Pipeline(steps=[('normalizer', Normalizer(norm='l1')),
                ('xgbclassifier',
                 XGBClassifier(base_score=0.5, booster='gbtree',
                               colsample_bylevel=1, colsample_bynode=1,
                               colsample_bytree=1, gamma=0, gpu_id=-1,
                               importance_type='gain',
                               interaction_constraints='', learning_rate=0.01,
                               max_delta_step=0, max_depth=8,
                               min_child_weight=7, missing=nan,
                               monotone_constraints='()', n_estimators=100,
                               n_jobs=1, num_parallel_tree=1, random_state=0,
                               reg_alpha=0, reg_lambda=1, scale_pos_weight=1,
                               subsample=0.8, tree_method='exact',
                               validate_parameters=1, verbosity=0))])

In this run of TPOT, on this data set, XGBoost algorithm gave the best results using the parameters and settings listed above. What is interesting, everytime I’ve run TPOT for the same data set, using the same configuration parameters, I get a slightly different outcome.

Next step is to evaluate the ‘best’ model on the holdout data set.

tpot.score(X_test, y_test)


0.9037792344420167

The results achieved are good and are better than some of the other models created by other AutoML libraries.

The final step we can perform is to export the model template. This creates a file containing the template code to create and use the model. This does require some modifications to specify the data set, and the pipeline of data modifications and transformations.

#export the model
tpot.export('.../tpot_Bank_pipeline.py')

The output file contains the following.

import numpy as np
import pandas as pd
from sklearn.model_selection import train_test_split
from sklearn.pipeline import make_pipeline
from sklearn.preprocessing import Normalizer
from xgboost import XGBClassifier

# NOTE: Make sure that the outcome column is labeled 'target' in the data file
tpot_data = pd.read_csv('PATH/TO/DATA/FILE', sep='COLUMN_SEPARATOR', dtype=np.float64)
features = tpot_data.drop('target', axis=1)

training_features, testing_features, training_target, testing_target = \
            train_test_split(features, tpot_data['target'], random_state=None)

# Average CV score on the training set was: 0.8986507248984001
exported_pipeline = make_pipeline(
    Normalizer(norm="l1"),
    XGBClassifier(learning_rate=0.01, max_depth=8, min_child_weight=7, n_estimators=100, n_jobs=1, subsample=0.8, verbosity=0)
)

exported_pipeline.fit(training_features, training_target)
results = exported_pipeline.predict(testing_features)

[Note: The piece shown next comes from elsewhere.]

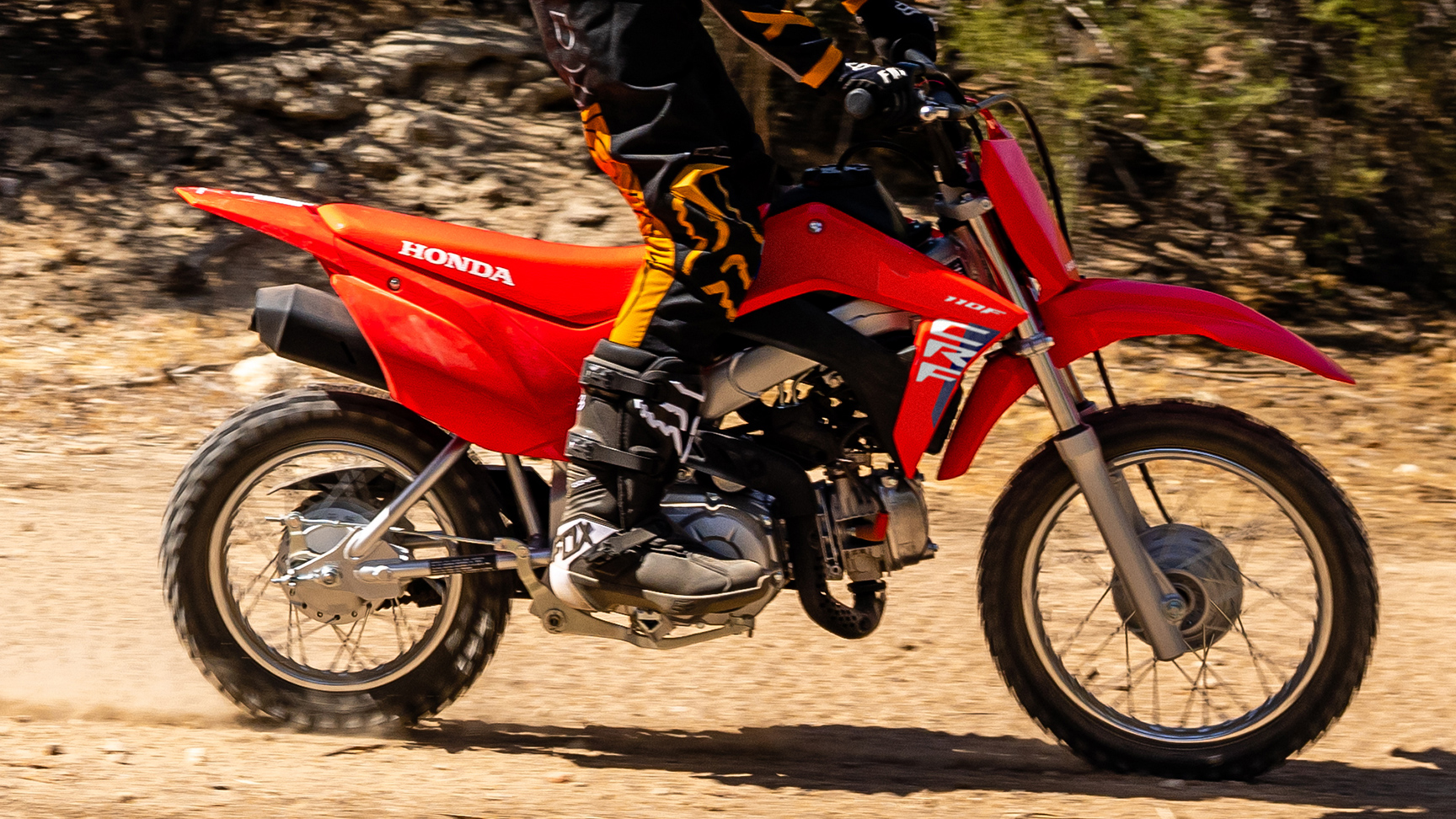 CRF110F com quadro de aço de longarina dupla e braço oscilante reforçado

TPOT does have some issues and limitations. Well it is slow, and part of this is due to the nature of genetic algorithms, every time you run TPOT you may get different results, etc. Some of these issues can be addressed by adjusting some of the parameters, but even still, it doesn’t eliminate all of them. Running on GPU helps a little with timing of each run. TPOT doesn’t remove the need for data cleaning, feature engineering etc, but that is the case with most solutions.